§ PROBLEM: Print the whole listing again exactly as it stands, leaving out any images.

═══ SOURCE INFORMATION ═══

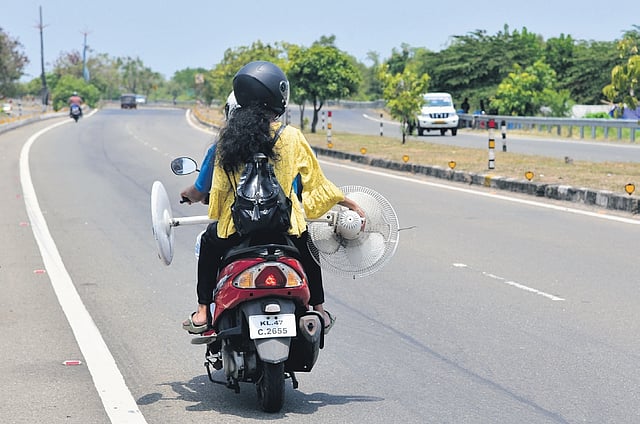 A woman carrying a pedestal fan on a two-wheeler in Kochi. With mercury level going up, residents are opting for various methods to beat the scorching heat 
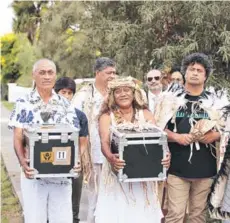  ??  ?? ► Isleños cargando las cajas contenedor­as de los vestigios arqueológi­cos.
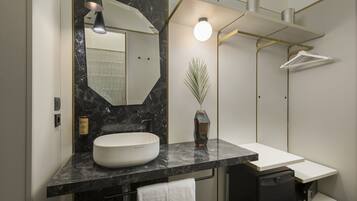 A modern bathroom with a large mirror, a white sink, a black marble countertop, a towel rack, and a shower area.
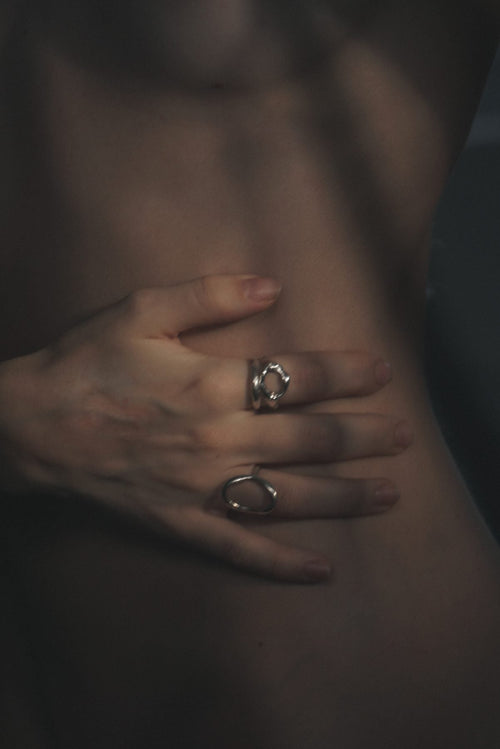 Editorial close-up of a hand with fine silver rings resting on bare skin.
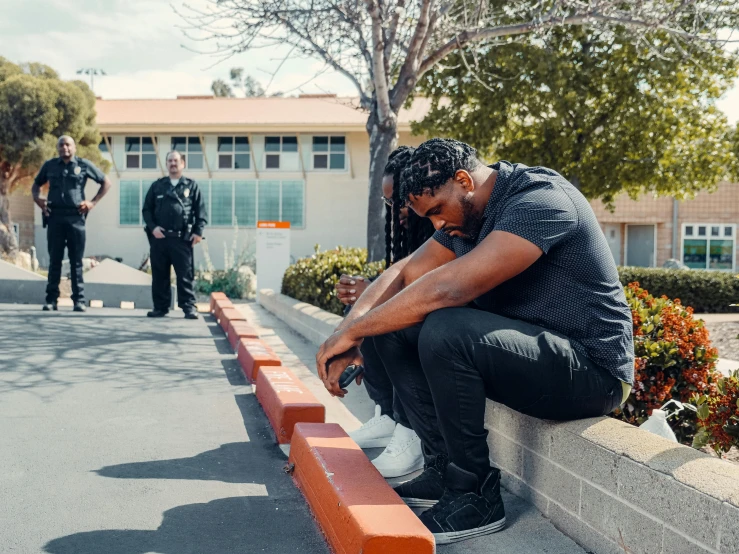 a man sitting on a curb next to a fire hydrant, an album cover, by Ryan Pancoast, pexels contest winner, police officers, : kendrick lamar, school class, disappointed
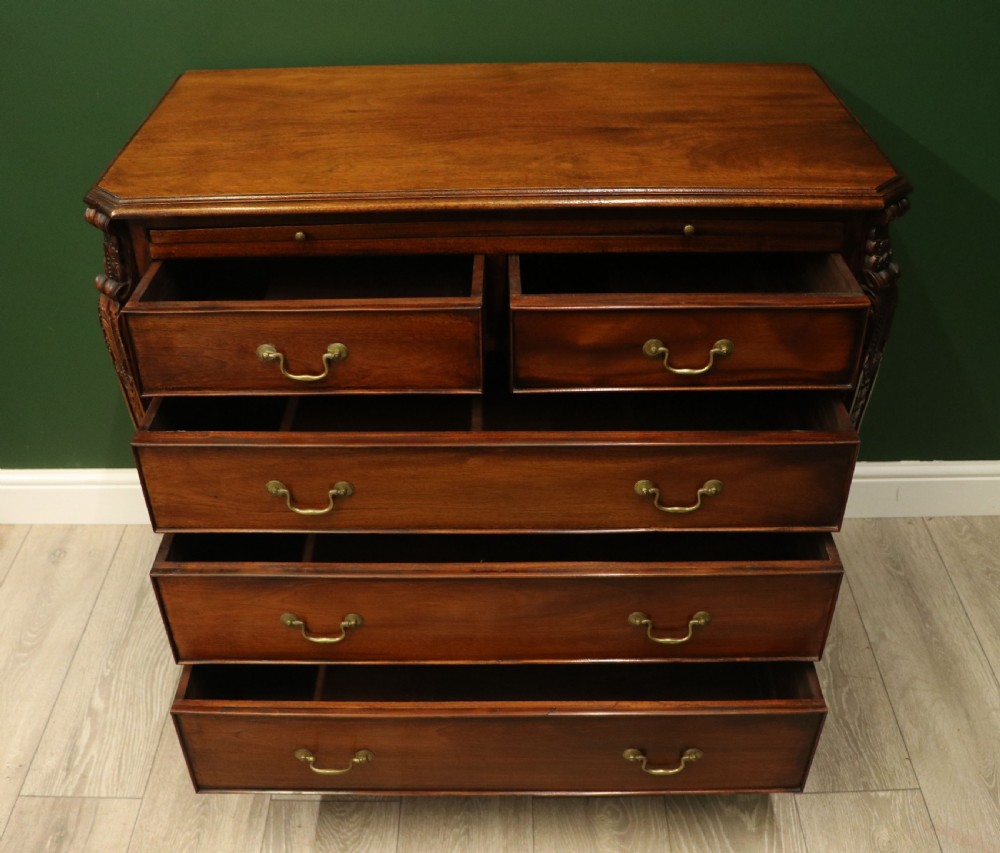 A solid mahogany bachelors chest featuring a pull-out slide, two upper drawers, three lower drawers, brass handles, and carved corner pilasters. View III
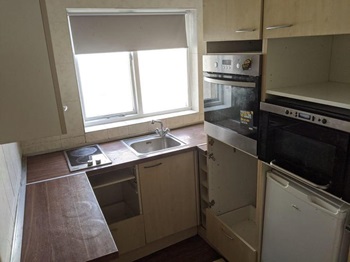 Old-fashioned kitchen with missing cabinets, old dark wood worktops and dated appliances.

═══

§ ANSWER TO THIS EXERCISE:
 A woman carrying a pedestal fan on a two-wheeler in Kochi. With mercury level going up, residents are opting for various methods to beat the scorching heat 
  ??  ?? ► Isleños cargando las cajas contenedor­as de los vestigios arqueológi­cos.
 A modern bathroom with a large mirror, a white sink, a black marble countertop, a towel rack, and a shower area.
 Editorial close-up of a hand with fine silver rings resting on bare skin.
 a man sitting on a curb next to a fire hydrant, an album cover, by Ryan Pancoast, pexels contest winner, police officers, : kendrick lamar, school class, disappointed
 A solid mahogany bachelors chest featuring a pull-out slide, two upper drawers, three lower drawers, brass handles, and carved corner pilasters. View III
 Old-fashioned kitchen with missing cabinets, old dark wood worktops and dated appliances.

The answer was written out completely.